There is no explanation in the report for why this significant information is redacted. Knowing who the official was, of course, would help us to investigate whether he or she made any requests to other law enforcement on the scene.
Unexplained Secret Service Decisions. The IG report reveals that the Secret Service took actions that were contrary to the USPP operational plan which affected the overall timing and conduct of the clearing operation.
The IG report says the Secret Service, contrary to the Park Police plan and without explanation, instigated the violence with protesters within six minutes of AG Barr’s visit to the park—which the report says took place at 6:10 p.m.
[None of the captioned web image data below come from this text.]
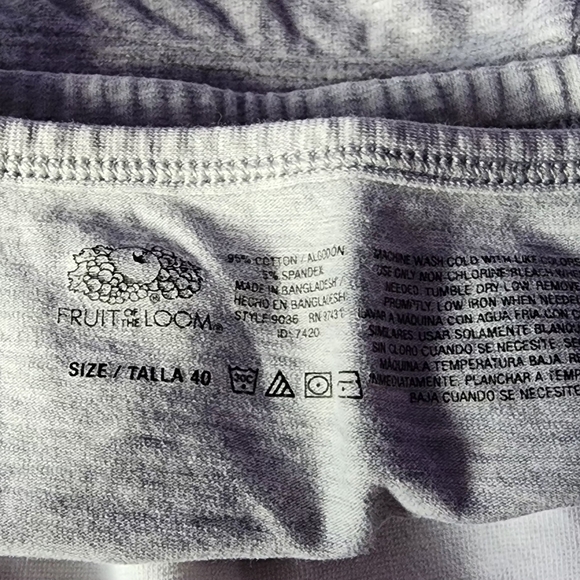 Fruit of the loom sports bras - Picture 3 of 3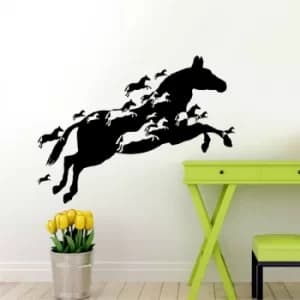 S-163 Black Decorative Wall Sticker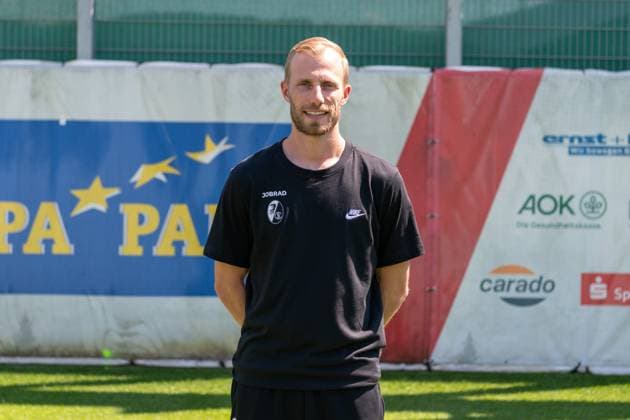 Maximilian Kessler SC Freiburg, Athletic Trainer GER, SC Freiburg, 1 BL, portrait date 2024 2025, 08 08 2024, GER, SC Freiburg, 1 BL, portrait date 2024 2025, 08 08 2024 Freiburg Copyright: xEibner-Pressefoto WolfgangxFrankx EP_WFK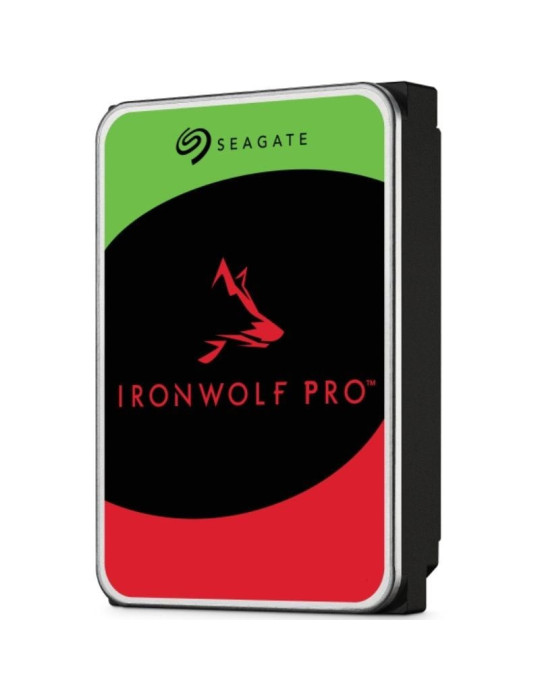Disco Duro Seagate IronWolf Pro NAS ST4000NT001 4TB/ 3.5"/ SATA III/ 256MB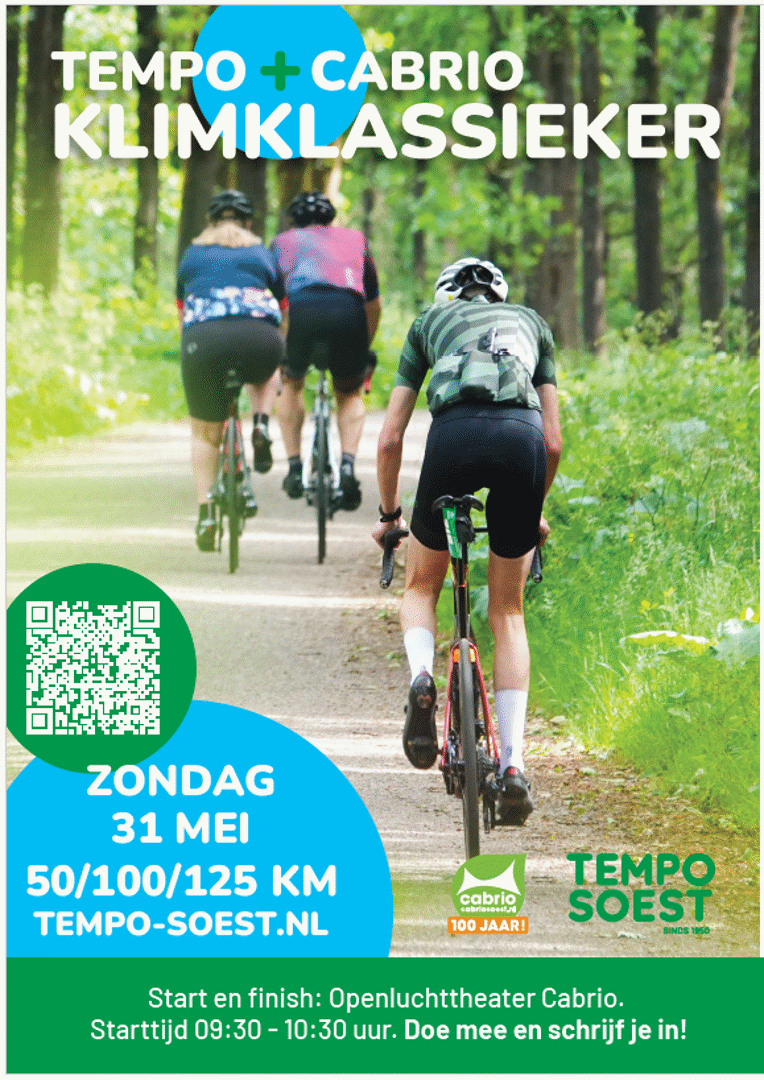 Tempo Cabrio Klimklassieker 2026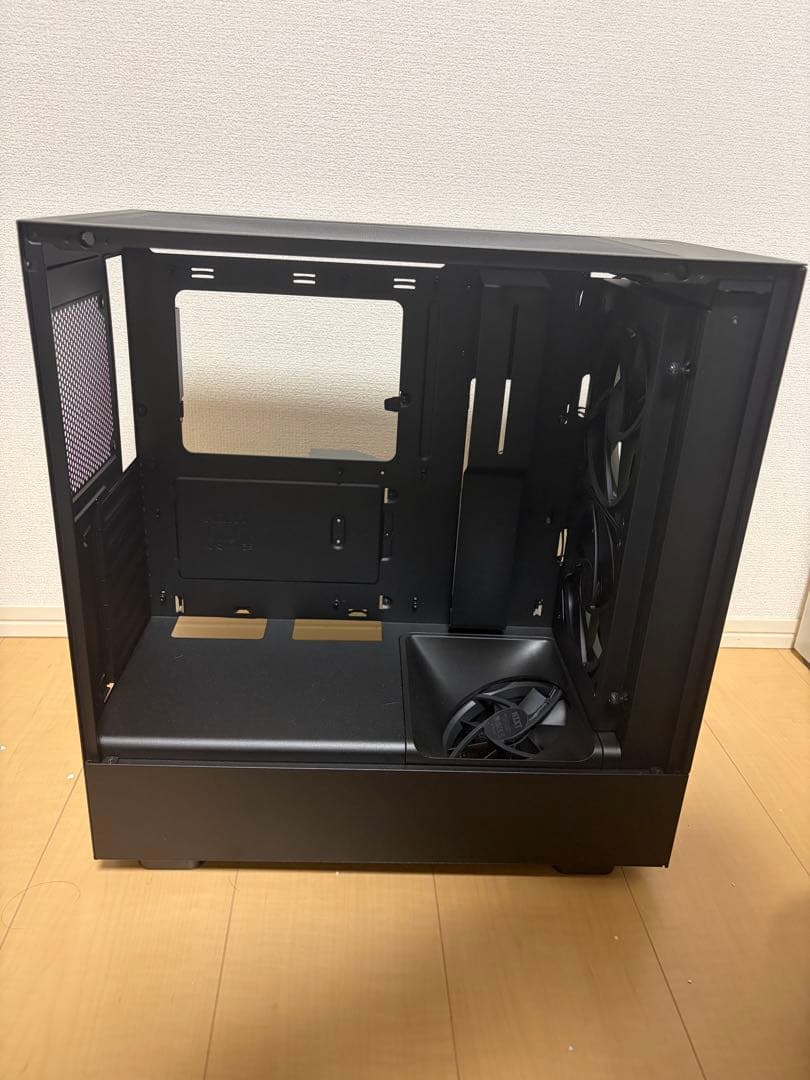【新品未使用品】NZXT H5 Elite CC-H51EB-01 黒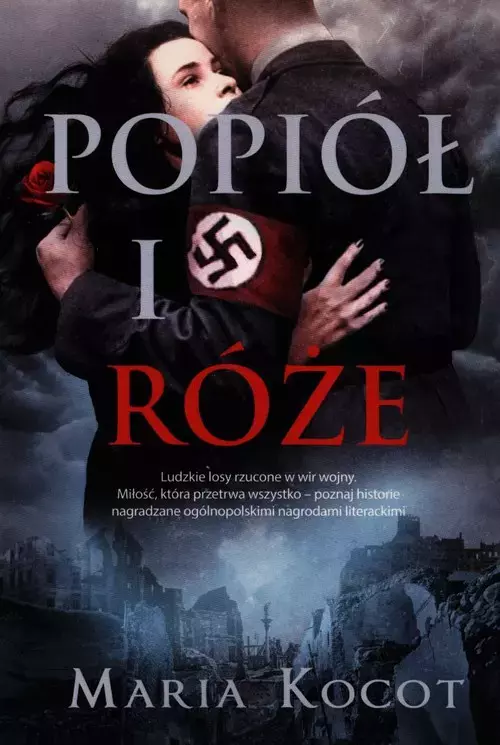Popiół i róże - Książki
Remember, the IG didn’t interview the Secret Service about its independent decision-making and a separate IG investigation into the Secret Service was quashed.
The report then documents how that unexplained decision by the Secret Service then ripples through the rest of the incident; for example:
Without an explanation of the early Secret Service deployment, which is outside the scope of the DOI IG report, we can’t rule out the possibility that Trump’s schedule determined the timing of the assault on protesters. Without knowing more about the official who was apparently seeking to move up that timing, whose identity and affiliation are mysteriously redacted in the DOI IG report, we can’t pursue an important lead that might explain that early deployment. Without an investigation that looks beyond the Park Police to all the participants involved in that violent affair, a task the IG report expressly disavows, we can’t make particularly meaningful conclusions. The uncertainties left by the report don’t mean that we need to overstate our certainty in the other direction—we really don’t know why the Secret Service jumped out early—but news headlines should reflect the report’s limitations and its deliberate blindspots, not the government’s party line.